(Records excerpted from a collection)
Segment Open
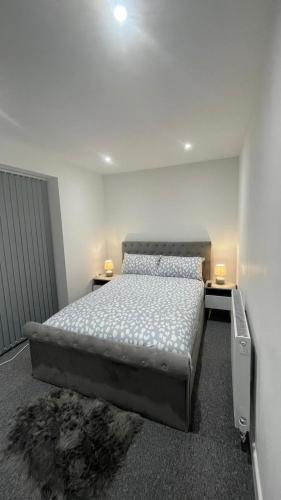 伦敦2 bed room luxury apartment in old Kent road London的一间卧室配有一张床、两张桌子和两盏灯。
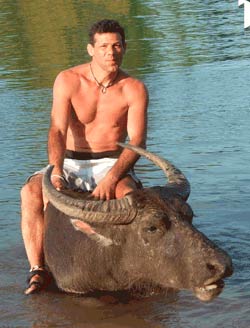 JT Pierce riding a water buffalo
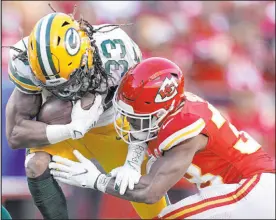  ?? Charlie Riedel
The Associated Press ?? Green Bay Packers running back Aaron Jones is hit by Chiefs cornerback L’jarius Sneed during the first half of Kansas City’s 13-7 victory on Sunday at Arrowhead Stadium.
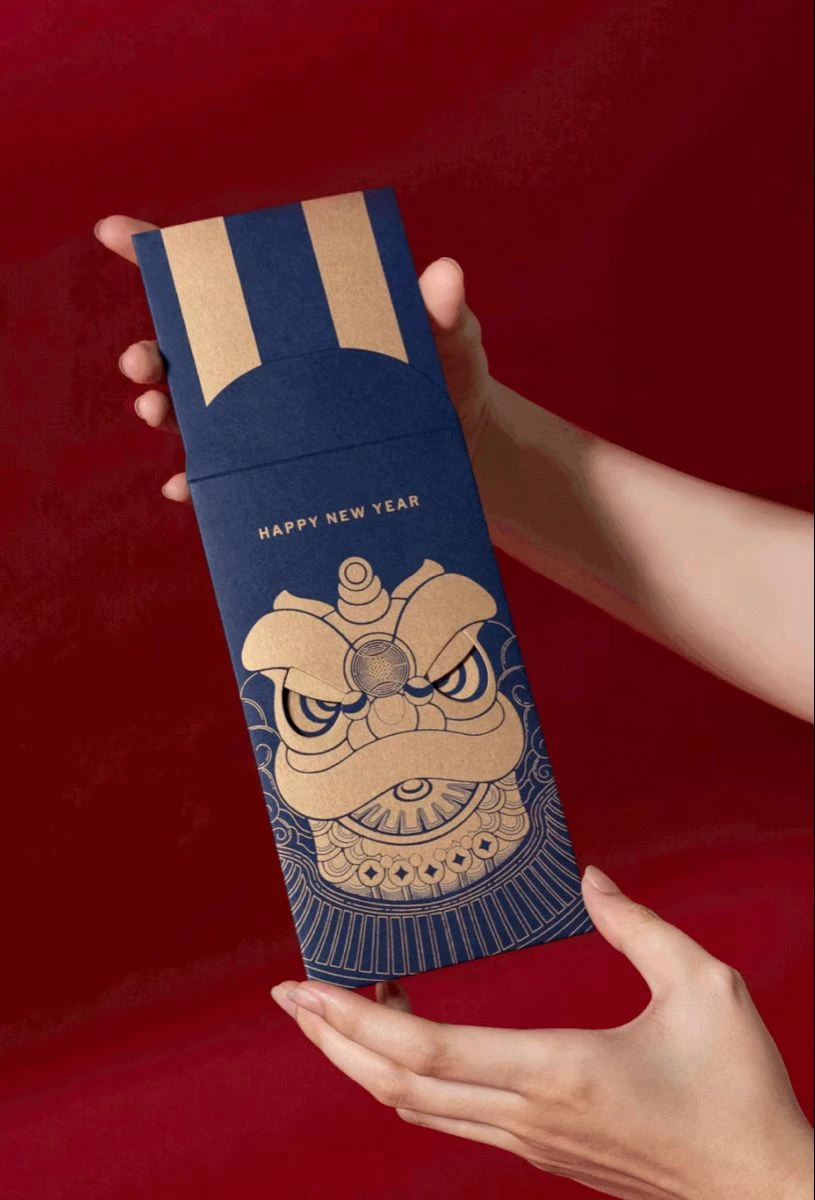 Navy envelope with a lion dance head drawn in bronze lines (collected image)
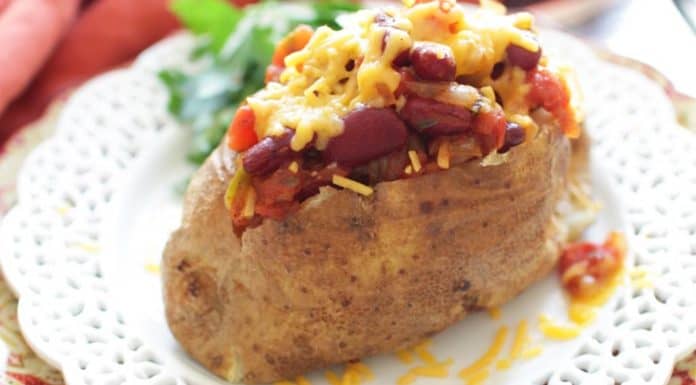 Chili Cheese Baked Potato shown on a white plate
Segment Closed
§ WORK TO COMPLETE: Give again, exactly as written, the lines from the one with "Navy envelope with" through the last line of the entries above, but skip the pictures.

§ TASK RESULT:
 Navy envelope with a lion dance head drawn in bronze lines (collected image)
 Chili Cheese Baked Potato shown on a white plate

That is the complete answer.